I think that not setting the sourcetype might have slowed down the Splunk input process enough that maybe it didn't read ahead to the nulls. When you don't set a sourcetype, the input process/forwarder spends more time trying to guess a sourcetype as it reads a file. That's just my speculation.
yes, the underlying file system doesn't/shouldn't matter. it might still be a Linux NFS client bug. It might be possible to resolve it via NFS settings, though I'm not sure.
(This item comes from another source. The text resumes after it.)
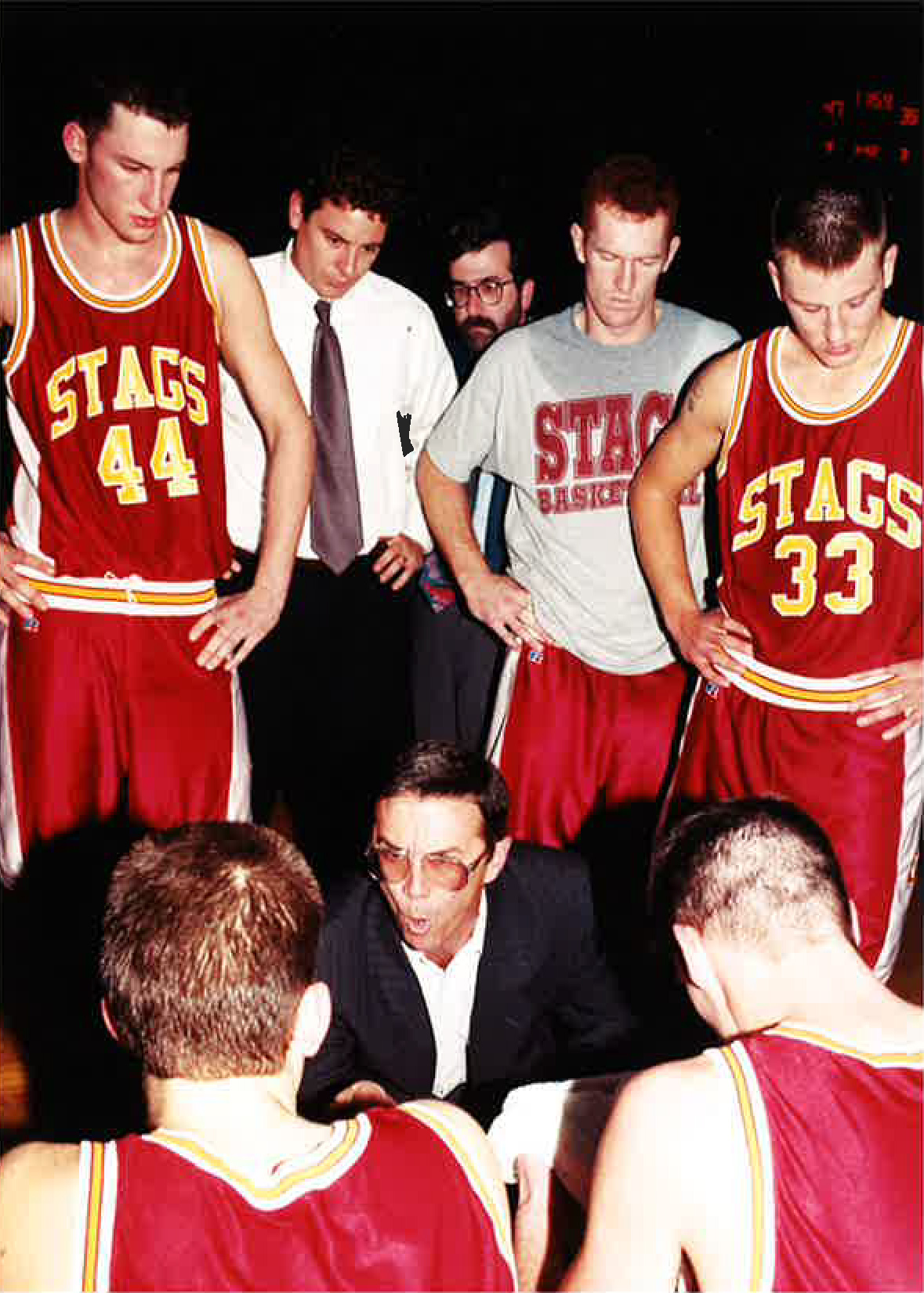 David Wells coaching in a team huddle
@lsouzek : I really don't think that input-time sourcetyping is involved, but out of curiosity what sourcetype did you assign to the data? A simple test to confirm that sourcetyping is not responsible for the breakage would be to simply remove the pertinent configuration parameter in inputs.conf and let some data get indexed while monitoring for "\x00" characters.
Other references :
- http://comments.gmane.org/gmane.linux.nfs/21948
- https://lkml.org/lkml/1998/4/1/6
- http://www.zsh.org/mla/users/2005/msg00171.html
It definitely sounds similar. It's strange though, the Red Hat thread says that the bug was resolved in a 5.2 update and all of my servers involved here are 5.5. I didn't see when the issue in the Kernel Trap thread was resolved.
Is it not strange that I never saw this issue when Splunk was not adding a sourcetype to the events and that once I enabled the sourcetype in props.conf it popped up? Adding a sourcetype shouldn't change anything about the read operations for Splunk, should it?
Is it possible to set the sourcetype at the indexer instead? Maybe I could test that as a workaround.
@lsouzek : It sounds like you are indeed in the case that @gkanapathy describes above, specifically where your filesystem (here, NFS) is responsible for the NULL-padding at or near EOF. AFAIK, this is a bug with the NFS client of certain Linux kernel revisions. References :
- http://kerneltrap.org/index.php?q=mailarchive/linux-kernel/2008/9/22/3369584/thread
- https://bugzilla.redhat.com/show_bug.cgi?id=429755
I'm seeing this with two kinds of logs, one from Apache running on Linux and the other from WebSphere App Server on Linux. The logs are located on a NAS share which is NFS-mounted on the application servers and the forwarder--the app servers write directly to it, the forwarder reads from it. The underlying filesystem on the NAS shares is WAFL from NetApp.
Could you share a sample event or two showing the "\x00" string?